Stimmt, gestern haben wir hier über 100 Posts geschrieben. Nicht schlecht für so ein kleines Forum, meine ich

Der Ausdruck sagt mir leider nichts! Kannst du das kurz erläutern?
Ich habe den Artikel jetzt noch mal gelesen, mir ist aber nicht klar, worauf sich das bezieht.
Das meinte ich als Eingangsdefinition. Sie benennt die Voraussetzungen für eine Identität.Die Autorin schreibt in ihrer Antwort:
In aller Regel verbinden wir mit Identität ein stabiles Selbstbild: Dass wir uns als Personen verstehen, die für bestimmte Überzeugungen, Beziehungen und Lebensweisen verlässlich eintreten. Identität setzt also in erster Linie
ein Selbstverhältnis voraus, das uns ermöglicht, die Frage zu beantworten, wer wir sind und wofür wir
stehen.
und weiter:
(...)muss eine Biografie kein in sich geschlossener Lebenszusammenhang sein, um von einer gleichbleibenden Identität auszugehen. Sie muss Brüche und Scherbenhaufen jedoch sinnvoll integrieren können.
Jörn Budesheim hat geschrieben : ↑Fr 19. Jan 2018, 16:14"Verliert ein Mensch, der schwer erkrankt oder eine Behinderung erleidet, seine Identität?"

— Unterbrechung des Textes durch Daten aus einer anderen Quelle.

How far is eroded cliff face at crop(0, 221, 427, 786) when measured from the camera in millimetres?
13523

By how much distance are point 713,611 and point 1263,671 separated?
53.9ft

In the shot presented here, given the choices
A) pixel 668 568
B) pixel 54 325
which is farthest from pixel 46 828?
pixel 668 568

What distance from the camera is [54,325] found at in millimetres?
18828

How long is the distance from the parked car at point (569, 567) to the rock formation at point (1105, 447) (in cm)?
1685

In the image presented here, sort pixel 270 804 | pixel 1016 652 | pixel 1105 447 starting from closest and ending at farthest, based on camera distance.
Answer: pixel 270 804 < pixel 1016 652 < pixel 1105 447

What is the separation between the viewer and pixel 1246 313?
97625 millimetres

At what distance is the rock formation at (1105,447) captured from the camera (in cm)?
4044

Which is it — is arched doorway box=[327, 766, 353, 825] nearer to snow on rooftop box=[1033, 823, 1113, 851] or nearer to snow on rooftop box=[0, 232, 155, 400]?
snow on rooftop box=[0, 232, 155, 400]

Nur erstmal kurz, morgen hoffentlich mehr: Ich verstehe die Frage anders als du. "Verliert ein Mensch, der schwer erkrankt oder eine Behinderung erleidet, seine Identität?" heißt meines Erachtens nicht: "Hat jemand, der eine Behinderung erleidet, danach keine Identität mehr? Es fragt nur danach, ob er nach der "Verwandlung" die gleiche Identität wie zuvor hat. Zumindest verstehe ich es so.
Verliert ein Mensch, der schwer erkrankt oder eine Behinderung erleidet, seine Identität?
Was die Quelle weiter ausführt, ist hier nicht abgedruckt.